Reliance on specialists
Increasingly, auditors and managers call on specialists to help them make subjective estimates under U.S. Generally Accepted Accounting Principles. Examples of specialists used to prepare public company financial information include:

  • Actuaries to determine incurred but not reported claim liabilities
  • Engineers to determine obligations regarding environmental remediation,
  • Appraisers to determine the value of intangible assets or real estate,
  • Geologists to estimate mineral deposits or oil reserves for mining and energy companies, and
  • Lawyers to forecast the potential losses from a legal proceeding.

When supervising these specialists, more-specific direction might help minimize the risk of misstatement, especially when specialists aren’t subject to the audit firm’s training, resources and quality control systems.

Updated audit guidance
The auditing standards on the use of estimates are closely linked to the standards on the use of specialists. So, the PCAOB plans to issue proposals on these issues for public comment simultaneously.

Auditing standards generally provide three approaches for substantively testing accounting estimates and fair value measurements. When performing an audit, the auditor selects one or a combination of these approaches:

Testing management’s process. Auditors evaluate the reasonableness and consistency of management’s assumptions, as well as test whether the underlying data is complete, accurate and relevant.

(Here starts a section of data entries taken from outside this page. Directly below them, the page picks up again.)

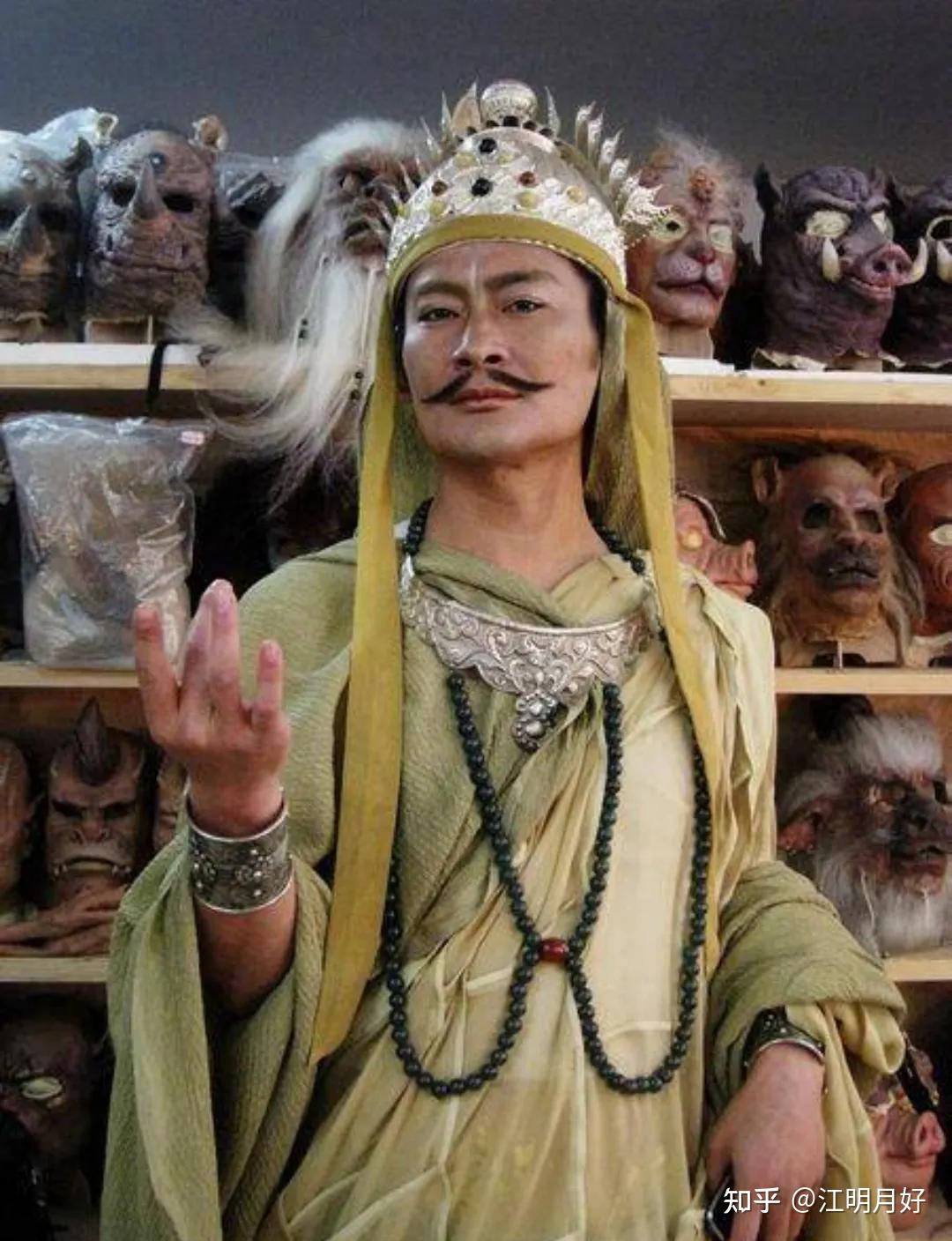 西游记里照妖镜首次现身是在二郎真君带领梅山兄弟擒拿孙悟空的那场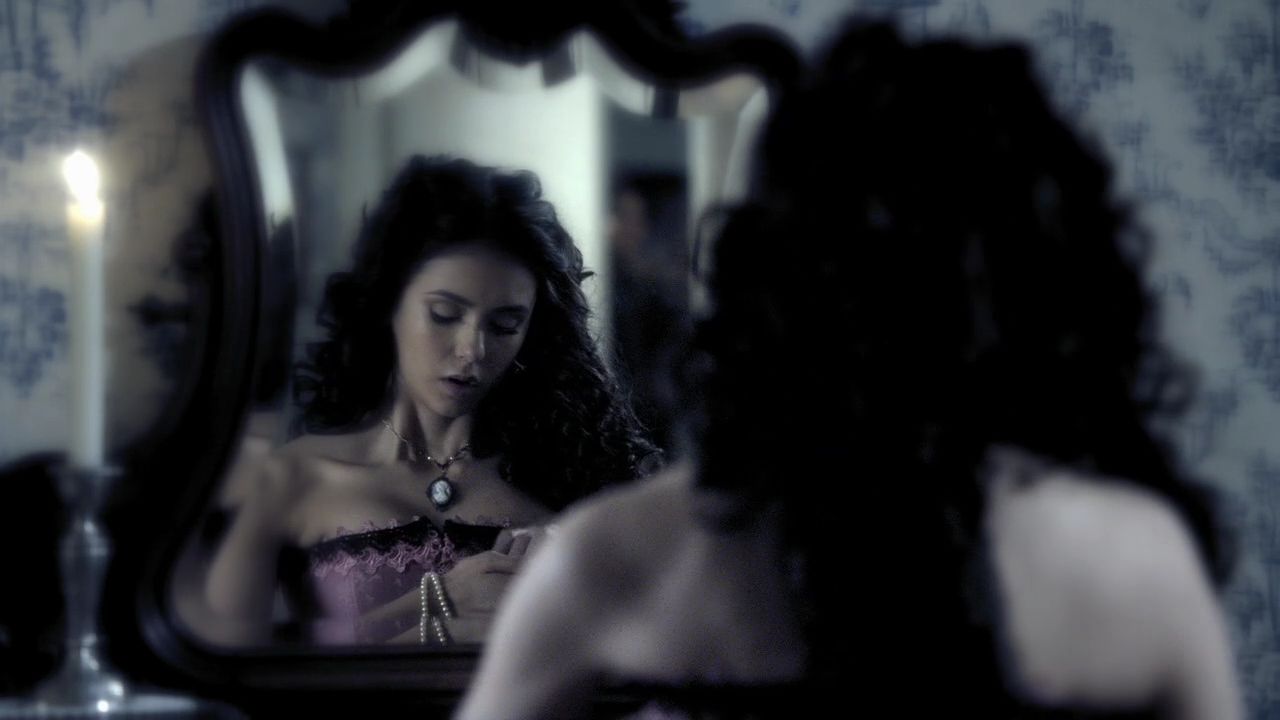 222VampireDiaries0512.jpg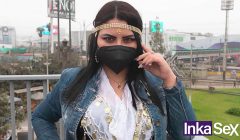 Ginezflowrs, la gitana de mirada penetrante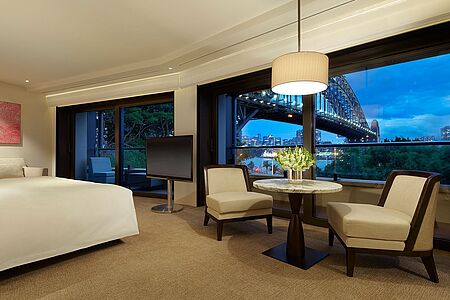 Opera Suite (ca. 185 qm) Ein Designer Badezimmer, ein Kingsize-Bett und eine Küchenanlage sorgen für puren Luxus. Ein besonderes Highlight sind die sechs Balkone, die ein Panorama auf die Harbour Bridge, über den Hafen und auf die Oper bis hin zur Skyline der Stadt ermöglichen.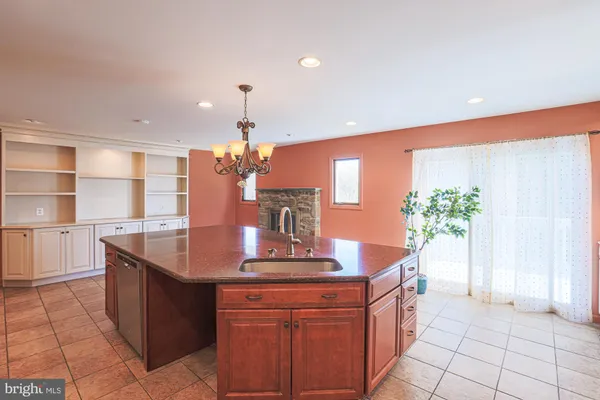 $685,000 | 14005 Foxland Road, Phoenix, MD 21131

Developing an independent estimate. Using management’s assumptions (or alternative assumptions), auditors come up with an estimate to compare to what’s reported on the internally prepared financial statements.

Reviewing subsequent events or transactions. The reasonableness of estimates can be gauged by looking at events or transactions that happen after the balance sheet date but before the date of the auditor’s report.

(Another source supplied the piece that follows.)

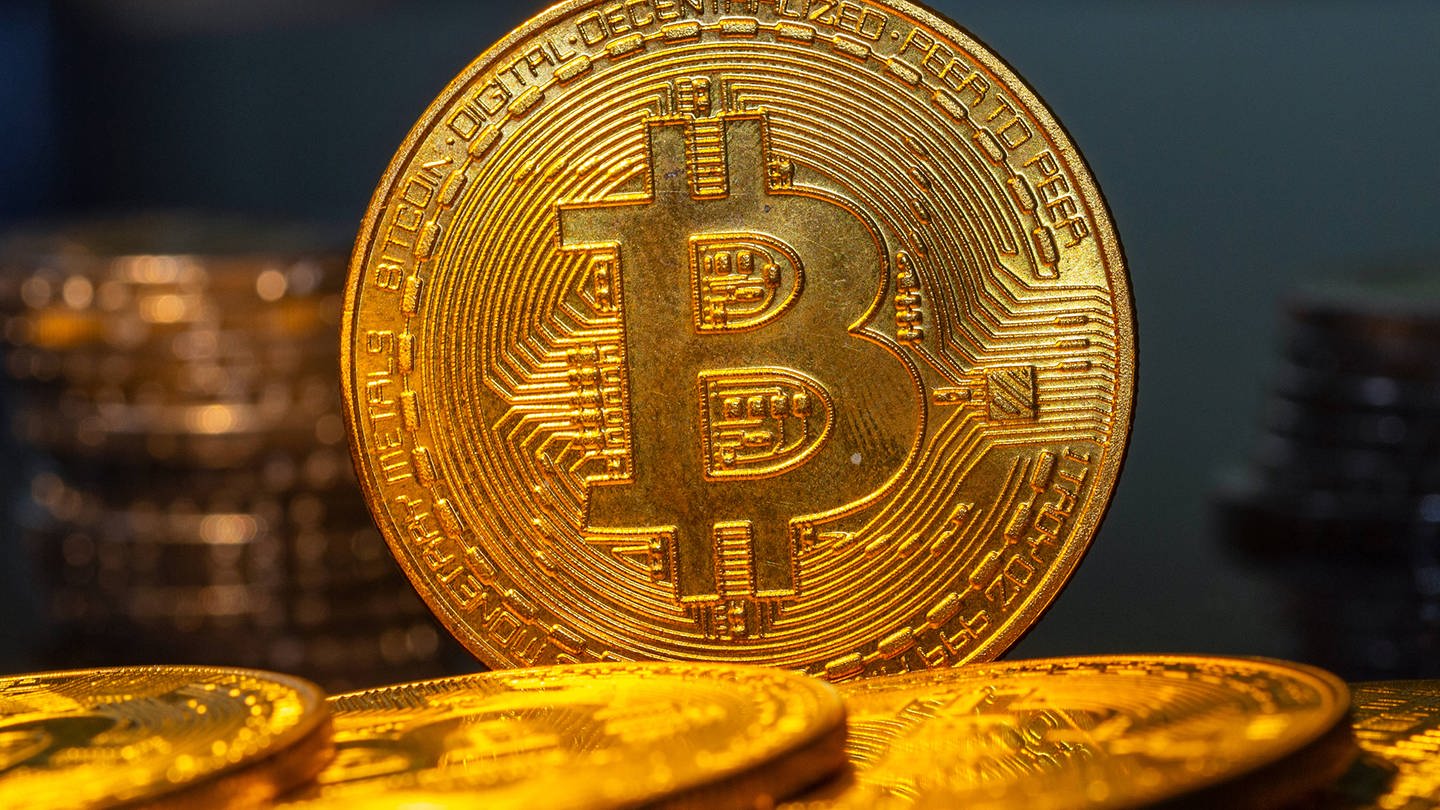 Nahaufnahme von symbolischen Bitcoins. (Foto: IMAGO, IMAGO / Herrmann Agenturfotografie)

For the auditing of accounting estimates, the PCAOB is expected to propose a single standard. The proposed guidance will replace:

  • AU Section 342, Auditing Accounting Estimates
  • AU Section 328, Auditing Fair Value Measurements and Disclosures
  • Some or all requirements of AU Section 332, Auditing Derivative Instruments, Hedging Activities, and Investments in Securities

A potential new standard would strive to promote greater consistency and effectiveness in application and be better aligned with the risk assessment standards.

The PCAOB also plans to update existing audit guidance on the use of specialists. AU Section 336, Using the Work of a Specialist, hasn’t changed much since it was originally published in the 1970s. It deals with auditors’ oversight of third-party specialists, as well as the auditor’s use of the work of a professional hired by an auditing client. In some cases, specialists may help auditors be more alert to financial misstatements.

Existing audit guidance requires auditors to evaluate the relationship of a specialist to the client, including situations that might impair the specialist’s objectivity. But it doesn’t provide specific requirements. The proposal is expected to provide more direction for carrying out that evaluation.

Continued delays
Last fall, the PCAOB announced plans to release these proposals by the second quarter of 2016. During a March meeting of the FASB’s Financial Accounting Standards Advisory Council, however, PCAOB member Jay Hanson said publication of the proposals had slipped to the fourth quarter. He didn’t elaborate on the schedule or the reasons for the later publication date.

These continued delays show how changes to public company auditing standards tend to happen slowly. Changes are subject to extensive reviews by the PCAOB staff and regulators from the SEC, who must approve each PCAOB decision before it can become final. As public companies plan for next year’s audit, they should contact their audit partners for the latest developments on the standards for auditing the use of estimates and specialists to determine what (if anything) has changed.